◆ Description of the task
Everything in the listing must be repeated exactly, apart from the images.

◆ Input data
_ _ _ _

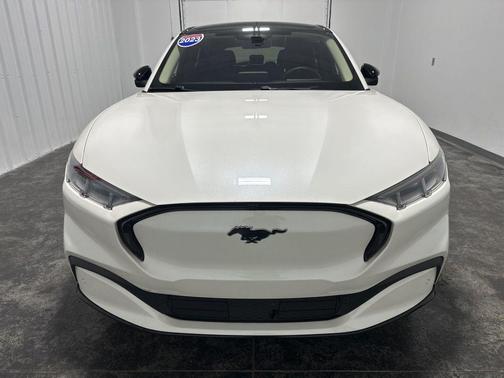 Star White Metallic Tri-Coat 2023 Ford Mustang Mach-E Premium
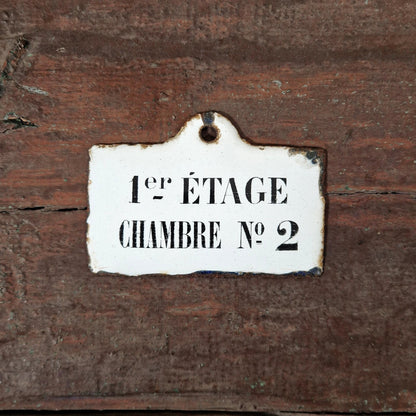 Plaque émaillée ancienne « 1er Étage Chambre n° 2 »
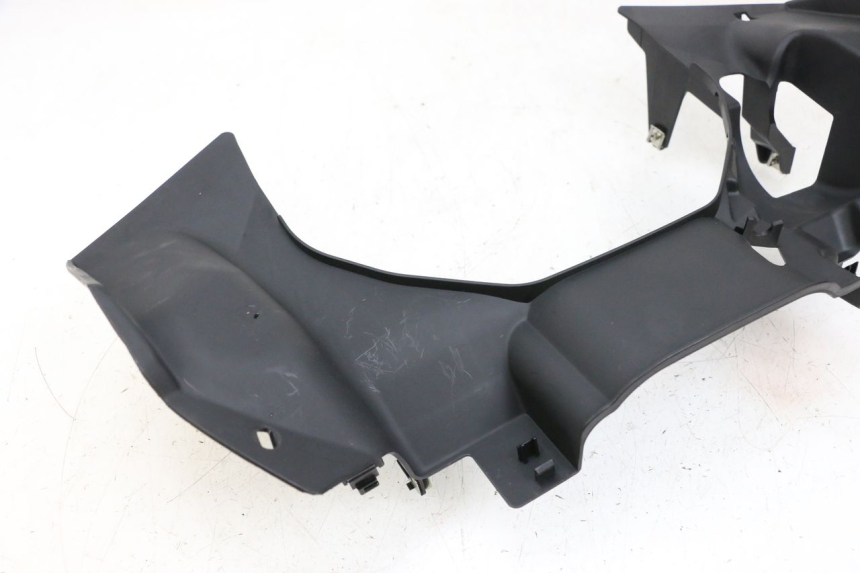 photo de FRONT MIDDLE PANEL BMW R GS 1250 (2021 - 2024) - Surface and material condition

_ _ _ _

◆ Output for this task
 Star White Metallic Tri-Coat 2023 Ford Mustang Mach-E Premium
 Plaque émaillée ancienne « 1er Étage Chambre n° 2 »
 photo de FRONT MIDDLE PANEL BMW R GS 1250 (2021 - 2024) - Surface and material condition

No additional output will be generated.